*** Exercise data Section Begins ***
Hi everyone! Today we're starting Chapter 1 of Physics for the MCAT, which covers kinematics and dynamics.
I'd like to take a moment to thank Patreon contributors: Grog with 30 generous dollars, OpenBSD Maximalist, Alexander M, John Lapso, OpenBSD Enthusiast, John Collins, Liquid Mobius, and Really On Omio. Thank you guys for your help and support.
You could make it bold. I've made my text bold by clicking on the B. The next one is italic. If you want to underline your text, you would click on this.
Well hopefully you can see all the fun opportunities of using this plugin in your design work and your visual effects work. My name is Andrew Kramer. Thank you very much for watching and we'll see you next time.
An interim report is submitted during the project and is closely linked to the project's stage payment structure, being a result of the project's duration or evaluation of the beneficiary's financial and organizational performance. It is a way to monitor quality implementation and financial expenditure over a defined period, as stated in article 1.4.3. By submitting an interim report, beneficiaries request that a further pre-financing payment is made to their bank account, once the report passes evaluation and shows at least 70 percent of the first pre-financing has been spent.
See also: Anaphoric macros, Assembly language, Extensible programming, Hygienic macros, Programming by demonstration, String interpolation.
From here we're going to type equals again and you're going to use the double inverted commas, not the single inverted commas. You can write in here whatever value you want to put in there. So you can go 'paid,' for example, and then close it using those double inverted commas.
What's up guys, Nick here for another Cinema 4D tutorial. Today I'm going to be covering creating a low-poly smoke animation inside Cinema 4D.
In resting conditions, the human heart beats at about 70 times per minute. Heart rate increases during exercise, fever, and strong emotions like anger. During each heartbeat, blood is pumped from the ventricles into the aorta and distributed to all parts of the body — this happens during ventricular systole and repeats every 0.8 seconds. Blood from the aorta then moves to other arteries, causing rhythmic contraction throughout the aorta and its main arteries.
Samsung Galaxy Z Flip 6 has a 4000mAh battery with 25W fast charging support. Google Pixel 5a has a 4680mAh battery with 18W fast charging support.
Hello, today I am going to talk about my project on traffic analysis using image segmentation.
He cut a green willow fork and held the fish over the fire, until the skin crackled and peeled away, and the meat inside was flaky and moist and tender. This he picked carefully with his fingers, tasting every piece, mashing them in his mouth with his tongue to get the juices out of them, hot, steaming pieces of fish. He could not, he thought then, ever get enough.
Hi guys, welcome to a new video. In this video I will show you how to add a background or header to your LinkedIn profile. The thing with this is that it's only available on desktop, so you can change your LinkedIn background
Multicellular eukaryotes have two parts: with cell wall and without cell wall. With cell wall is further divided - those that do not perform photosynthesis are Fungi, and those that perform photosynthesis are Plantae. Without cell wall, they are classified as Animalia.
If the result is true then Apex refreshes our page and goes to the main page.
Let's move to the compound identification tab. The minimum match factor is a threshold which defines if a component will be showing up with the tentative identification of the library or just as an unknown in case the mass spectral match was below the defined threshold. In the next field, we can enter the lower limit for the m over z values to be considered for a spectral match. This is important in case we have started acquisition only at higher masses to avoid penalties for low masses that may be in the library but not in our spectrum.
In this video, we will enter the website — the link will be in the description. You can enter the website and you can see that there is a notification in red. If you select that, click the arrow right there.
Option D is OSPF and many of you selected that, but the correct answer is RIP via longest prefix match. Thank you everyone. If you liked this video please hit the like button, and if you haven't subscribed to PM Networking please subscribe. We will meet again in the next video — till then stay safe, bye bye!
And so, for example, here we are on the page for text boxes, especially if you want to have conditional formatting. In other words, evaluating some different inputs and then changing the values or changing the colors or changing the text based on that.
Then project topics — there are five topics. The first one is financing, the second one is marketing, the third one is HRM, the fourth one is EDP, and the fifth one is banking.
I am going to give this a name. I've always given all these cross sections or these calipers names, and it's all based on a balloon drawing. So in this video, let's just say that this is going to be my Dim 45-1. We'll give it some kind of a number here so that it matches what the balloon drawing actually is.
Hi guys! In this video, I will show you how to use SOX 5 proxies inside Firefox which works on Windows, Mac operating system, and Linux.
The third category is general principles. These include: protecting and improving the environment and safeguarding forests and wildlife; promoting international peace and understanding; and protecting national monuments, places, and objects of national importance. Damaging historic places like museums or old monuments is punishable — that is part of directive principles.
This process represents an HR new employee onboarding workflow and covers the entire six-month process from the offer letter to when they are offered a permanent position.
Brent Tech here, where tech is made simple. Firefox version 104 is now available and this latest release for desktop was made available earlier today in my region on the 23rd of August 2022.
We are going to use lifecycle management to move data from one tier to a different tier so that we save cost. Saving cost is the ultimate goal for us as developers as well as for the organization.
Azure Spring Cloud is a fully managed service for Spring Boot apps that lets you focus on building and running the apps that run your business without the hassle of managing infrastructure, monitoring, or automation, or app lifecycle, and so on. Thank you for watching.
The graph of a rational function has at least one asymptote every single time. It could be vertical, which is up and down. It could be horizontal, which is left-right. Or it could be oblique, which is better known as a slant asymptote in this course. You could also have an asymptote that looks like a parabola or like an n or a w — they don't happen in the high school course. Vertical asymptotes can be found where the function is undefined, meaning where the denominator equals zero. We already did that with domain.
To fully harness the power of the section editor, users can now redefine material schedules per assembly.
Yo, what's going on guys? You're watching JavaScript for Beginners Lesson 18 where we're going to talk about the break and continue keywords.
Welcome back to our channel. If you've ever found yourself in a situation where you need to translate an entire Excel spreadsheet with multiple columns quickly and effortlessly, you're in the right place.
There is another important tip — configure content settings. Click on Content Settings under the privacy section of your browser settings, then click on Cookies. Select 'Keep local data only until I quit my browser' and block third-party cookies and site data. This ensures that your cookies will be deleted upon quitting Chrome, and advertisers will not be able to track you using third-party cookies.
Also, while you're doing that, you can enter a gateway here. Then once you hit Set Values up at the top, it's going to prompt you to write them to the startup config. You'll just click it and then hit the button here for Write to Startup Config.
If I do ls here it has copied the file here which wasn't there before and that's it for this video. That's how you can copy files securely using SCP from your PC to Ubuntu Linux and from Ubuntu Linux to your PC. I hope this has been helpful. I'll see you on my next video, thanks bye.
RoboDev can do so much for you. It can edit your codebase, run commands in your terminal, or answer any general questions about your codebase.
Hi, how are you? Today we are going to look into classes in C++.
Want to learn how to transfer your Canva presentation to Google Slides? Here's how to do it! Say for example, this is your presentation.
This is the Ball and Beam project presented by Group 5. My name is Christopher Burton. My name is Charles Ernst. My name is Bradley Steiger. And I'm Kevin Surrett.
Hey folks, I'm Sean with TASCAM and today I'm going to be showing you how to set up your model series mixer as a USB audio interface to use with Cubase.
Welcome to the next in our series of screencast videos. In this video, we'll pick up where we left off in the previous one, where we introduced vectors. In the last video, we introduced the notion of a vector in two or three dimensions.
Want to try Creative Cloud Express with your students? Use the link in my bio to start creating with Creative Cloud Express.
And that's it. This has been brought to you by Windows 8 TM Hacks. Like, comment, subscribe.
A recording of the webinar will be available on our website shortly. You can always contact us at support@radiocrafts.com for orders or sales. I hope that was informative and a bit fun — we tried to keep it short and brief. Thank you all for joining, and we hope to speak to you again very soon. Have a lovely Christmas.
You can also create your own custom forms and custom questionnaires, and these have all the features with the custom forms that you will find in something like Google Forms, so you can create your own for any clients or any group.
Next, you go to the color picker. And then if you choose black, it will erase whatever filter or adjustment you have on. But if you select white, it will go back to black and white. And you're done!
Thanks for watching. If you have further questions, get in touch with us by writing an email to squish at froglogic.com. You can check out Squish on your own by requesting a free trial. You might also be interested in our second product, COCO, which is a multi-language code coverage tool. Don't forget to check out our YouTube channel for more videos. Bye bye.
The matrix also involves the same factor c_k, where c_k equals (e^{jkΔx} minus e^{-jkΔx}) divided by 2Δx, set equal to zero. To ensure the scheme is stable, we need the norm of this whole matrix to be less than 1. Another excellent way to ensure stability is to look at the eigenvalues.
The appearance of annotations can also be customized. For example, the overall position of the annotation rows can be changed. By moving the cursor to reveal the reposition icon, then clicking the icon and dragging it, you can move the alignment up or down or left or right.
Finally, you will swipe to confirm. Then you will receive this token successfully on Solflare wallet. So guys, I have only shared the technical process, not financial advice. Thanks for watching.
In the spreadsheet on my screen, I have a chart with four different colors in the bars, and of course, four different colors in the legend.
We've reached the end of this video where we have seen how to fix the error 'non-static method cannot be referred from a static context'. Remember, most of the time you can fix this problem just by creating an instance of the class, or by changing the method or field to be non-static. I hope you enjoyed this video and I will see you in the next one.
*** Exercise data Section Ends ***
> What you need to do: Could you transcribe the entries above word for word, from the line with "Hi guys! In" down to the line with "We are going to use", keeping both?

> Exercise answer:
Hi guys! In this video, I will show you how to use SOX 5 proxies inside Firefox which works on Windows, Mac operating system, and Linux.
The third category is general principles. These include: protecting and improving the environment and safeguarding forests and wildlife; promoting international peace and understanding; and protecting national monuments, places, and objects of national importance. Damaging historic places like museums or old monuments is punishable — that is part of directive principles.
This process represents an HR new employee onboarding workflow and covers the entire six-month process from the offer letter to when they are offered a permanent position.
Brent Tech here, where tech is made simple. Firefox version 104 is now available and this latest release for desktop was made available earlier today in my region on the 23rd of August 2022.
We are going to use lifecycle management to move data from one tier to a different tier so that we save cost. Saving cost is the ultimate goal for us as developers as well as for the organization.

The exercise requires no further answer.